Algorithm Predicts Best-Sellers with 84% Accuracy

Status
Not open for further replies.
Joined
Jun 29, 2008
Messages
11,042
Reaction score
841
Location
Second star on the right and on 'til morning.
Website
atsiko.wordpress.com
I haven't seen a thread on this yet. It makes me a bit suspicious.

http://www.escapistmagazine.com/news/view/131181-Science-Discovers-the-Secret-to-Successful-Writing

Knowing where to start, where to go and how to get there can be incredibly frustrating; even more so when you consider that there's no way to know if anyone will even like the finished product. Expect maybe there is.
Researchers at Stony Brook University in New York have apparently developed an algorithm that can predict whether or not a book is going to be commercially successful.

Read more at http://www.escapistmagazine.com/new...ret-to-Successful-Writing#DJxlRkFCQHzxHiFq.99

 
Last edited:

whatsupbuttercup

Super Member
Registered
Joined
Jul 22, 2013
Messages
297
Reaction score
86
Location
New York City
I found this tidbit to be quite interesting

The research found that books primed to fail had a tendency to overuse verbs and adverbs and included more language describing explicit actions. Successful books meanwhile spent more time describing thought processes and also made a habit of using conjunctions more heavily.

Fascinating since the article stated they used the lowest selling books on Amazon as their "critical failures" subjects. I can't help but wonder what books they used for the successes and failures.

Editing: I'm skeptical about the samples they've used in their novels, short stories, and movie scripts. (not the algorithm itself)
 
Last edited:

kuwisdelu

Revolutionize the World
Super Member
Registered
Joined
Sep 18, 2007
Messages
38,197
Reaction score
4,544
Location
The End of the World
It's very interesting from an academic perspective. Completely useless, IMO, from a "how can I write better?" perspective. Okay, well, there is some limited use in their conclusions, but it's pretty obvious stuff, such as successful academic papers being more straightforward and readable (simply sentences) and successful fiction often employing more complex sentences. The distribution of POS tags is definitely interesting.

The magazine article got it wrong that they were trying to predict bestsellers. They used various measures of success including number of downloads on Project Gutenberg and literary awards, neither of which are great measures of how popular a book is with the general population near its release. They even hypothesized that their methods would favor prediction of literary success over commercial success, due to the nature of their sampling. For example, Dan Brown's The Lost Symbol is "correctly" predicted as unsuccessful (despite commercial success).

Edit: Man, I wish I'd gotten into natural language processing when I started my PhD. Seems so fun. Oh well, I can always do it when I'm done...
 
Last edited:

MookyMcD

I go to eleven
Super Member
Registered
Joined
Sep 26, 2013
Messages
1,560
Reaction score
236
Location
Boise, ID
Website
michaeljmcdonagh.wordpress.com
Last I heard, Netflix had a million dollar bounty out for anyone who could predict what movies people would want to watch based on what they (and, presumably, everyone else in the database) were watching. That was after years of trying.

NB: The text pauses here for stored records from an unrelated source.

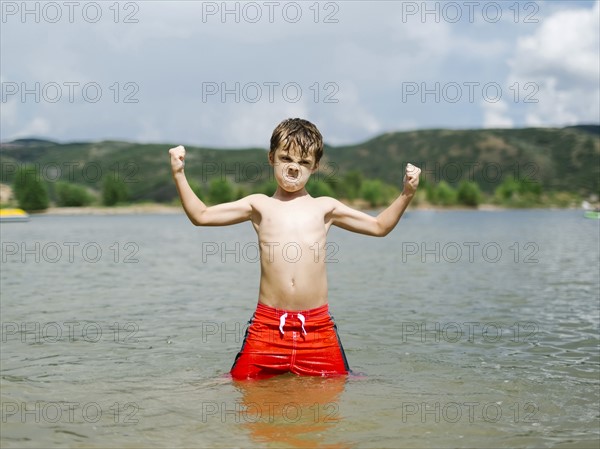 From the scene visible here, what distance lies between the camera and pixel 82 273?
810 inches

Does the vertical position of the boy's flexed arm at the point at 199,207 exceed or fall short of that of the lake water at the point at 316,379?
it exceeds it

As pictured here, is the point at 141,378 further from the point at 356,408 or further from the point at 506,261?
the point at 506,261

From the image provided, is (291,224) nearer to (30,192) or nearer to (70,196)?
(30,192)

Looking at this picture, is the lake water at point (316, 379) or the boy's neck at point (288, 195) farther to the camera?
the boy's neck at point (288, 195)

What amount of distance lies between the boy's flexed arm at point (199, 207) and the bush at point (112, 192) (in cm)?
15704

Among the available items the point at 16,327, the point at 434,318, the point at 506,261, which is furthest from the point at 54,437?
the point at 506,261

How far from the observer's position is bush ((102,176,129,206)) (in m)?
157

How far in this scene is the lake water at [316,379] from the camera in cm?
517

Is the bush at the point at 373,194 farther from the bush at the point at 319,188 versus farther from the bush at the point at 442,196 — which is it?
the bush at the point at 442,196

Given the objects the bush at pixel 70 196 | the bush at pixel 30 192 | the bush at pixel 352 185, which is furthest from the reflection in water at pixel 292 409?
the bush at pixel 352 185

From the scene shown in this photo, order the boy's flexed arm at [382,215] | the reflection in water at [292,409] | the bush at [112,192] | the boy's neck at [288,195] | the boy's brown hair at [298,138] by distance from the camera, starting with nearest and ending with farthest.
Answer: the reflection in water at [292,409], the boy's flexed arm at [382,215], the boy's brown hair at [298,138], the boy's neck at [288,195], the bush at [112,192]

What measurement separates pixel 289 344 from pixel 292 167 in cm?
148

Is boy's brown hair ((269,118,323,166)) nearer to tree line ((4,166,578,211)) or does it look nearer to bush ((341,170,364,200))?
tree line ((4,166,578,211))

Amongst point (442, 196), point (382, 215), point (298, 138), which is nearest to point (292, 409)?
point (382, 215) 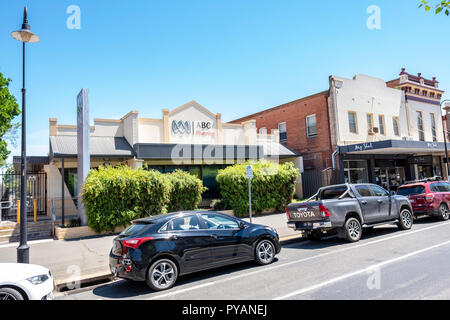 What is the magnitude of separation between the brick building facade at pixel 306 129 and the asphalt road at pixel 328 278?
13.7 metres

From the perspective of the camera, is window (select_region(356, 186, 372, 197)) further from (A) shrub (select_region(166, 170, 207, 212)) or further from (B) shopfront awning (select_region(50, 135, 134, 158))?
(B) shopfront awning (select_region(50, 135, 134, 158))

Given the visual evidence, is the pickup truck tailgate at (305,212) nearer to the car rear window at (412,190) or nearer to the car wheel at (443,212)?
the car rear window at (412,190)

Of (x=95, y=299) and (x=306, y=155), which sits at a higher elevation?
(x=306, y=155)

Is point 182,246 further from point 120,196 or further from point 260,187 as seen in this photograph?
point 260,187

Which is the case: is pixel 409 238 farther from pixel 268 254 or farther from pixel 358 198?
pixel 268 254

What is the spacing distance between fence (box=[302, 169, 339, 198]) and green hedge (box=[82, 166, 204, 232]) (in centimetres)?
1149

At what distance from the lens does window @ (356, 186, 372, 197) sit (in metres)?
10.5

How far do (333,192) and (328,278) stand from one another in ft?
17.5

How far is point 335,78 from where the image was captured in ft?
71.6

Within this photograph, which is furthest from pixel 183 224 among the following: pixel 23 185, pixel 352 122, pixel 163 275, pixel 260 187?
pixel 352 122

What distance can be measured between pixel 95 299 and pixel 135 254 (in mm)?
1097

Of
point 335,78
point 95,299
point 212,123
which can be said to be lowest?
point 95,299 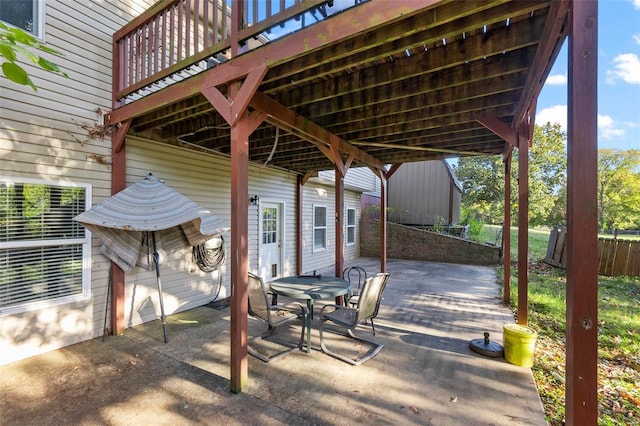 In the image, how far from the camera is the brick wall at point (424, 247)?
10211 mm

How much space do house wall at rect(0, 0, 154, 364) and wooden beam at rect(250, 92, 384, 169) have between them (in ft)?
8.00

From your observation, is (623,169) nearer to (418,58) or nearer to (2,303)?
(418,58)

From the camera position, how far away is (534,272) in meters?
8.87

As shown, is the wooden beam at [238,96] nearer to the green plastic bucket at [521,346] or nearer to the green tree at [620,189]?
the green plastic bucket at [521,346]

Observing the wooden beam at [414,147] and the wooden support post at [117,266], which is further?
the wooden beam at [414,147]

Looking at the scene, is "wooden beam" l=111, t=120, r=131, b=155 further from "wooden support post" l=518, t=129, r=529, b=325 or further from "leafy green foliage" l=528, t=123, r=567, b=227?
"leafy green foliage" l=528, t=123, r=567, b=227

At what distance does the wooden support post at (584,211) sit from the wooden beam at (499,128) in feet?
8.17

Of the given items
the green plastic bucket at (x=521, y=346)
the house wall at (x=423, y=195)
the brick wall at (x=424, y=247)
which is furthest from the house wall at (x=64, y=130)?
the house wall at (x=423, y=195)

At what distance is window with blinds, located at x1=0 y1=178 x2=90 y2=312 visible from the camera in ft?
11.0

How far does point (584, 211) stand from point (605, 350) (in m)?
3.41

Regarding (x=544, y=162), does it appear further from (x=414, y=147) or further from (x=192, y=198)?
(x=192, y=198)

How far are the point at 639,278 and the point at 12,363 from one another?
481 inches

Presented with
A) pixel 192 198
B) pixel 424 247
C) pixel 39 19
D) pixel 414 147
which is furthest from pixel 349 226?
pixel 39 19

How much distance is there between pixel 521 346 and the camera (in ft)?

The books (and authors) who do extremely well, outside closely knitted genres, are almost invariably doing something different or something old in a new way. Backward looking statistical tools will never be able to predict that.
 

K.B. Parker

I've lost my mind
Super Member
Registered
Joined
Jun 7, 2013
Messages
612
Reaction score
62
While I find the findings odd, does anybody remember a similar study was done with music a few years back. It was a formula that predicted what songs would become hits. Except that one actually worked, I believe.
 

kuwisdelu

Revolutionize the World
Super Member
Registered
Joined
Sep 18, 2007
Messages
38,197
Reaction score
4,544
Location
The End of the World
This piece of news is ringing the top bell on my bullshit scale.

The reporting is bullshit. The paper itself is pretty interesting and doesn't make such outrageous claims.

Like always.

Last I heard, Netflix had a million dollar bounty out for anyone who could predict what movies people would want to watch based on what they (and, presumably, everyone else in the database) were watching. That was after years of trying.

It's actually really easy to do this kind of stuff really well. But companies are always looking to get that extra 1%, which could still easily translate to millions of dollars.

As a sidenote, the top algorithms for this kind of stuff are always the same bog-standard statistical tools. The actual hard part that usually improves results is in the pre-processing of the data and selection of predictors.
 
Last edited:

Kevin Nelson

Aspiring to authorship since 1975
Super Member
Registered
Joined
Jul 18, 2012
Messages
464
Reaction score
48
Location
Austin, TX
It's actually really easy to do this kind of stuff really well. But companies are always looking to get that extra 1%, which could still easily translate to millions of dollars.

Certainly not my experience. Movie-recommendation engines have been a dismal failure for me. I rated more than 200 movies on movielens.org, and it still kept giving me wildly inaccurate predictions about which movies I'd like. For example, it thought I would love the 2009 Star Trek, but I actually hated that movie.

Maybe my own personal tastes are unusually hard to predict for some reason, but I can definitely see some room for improvement in whatever algorithms these engines use.
 

Rina Evans

Super Member
Registered
Joined
Dec 29, 2011
Messages
533
Reaction score
44
Certainly not my experience. Movie-recommendation engines have been a dismal failure for me. I rated more than 200 movies on movielens.org, and it still kept giving me wildly inaccurate predictions about which movies I'd like. For example, it thought I would love the 2009 Star Trek, but I actually hated that movie.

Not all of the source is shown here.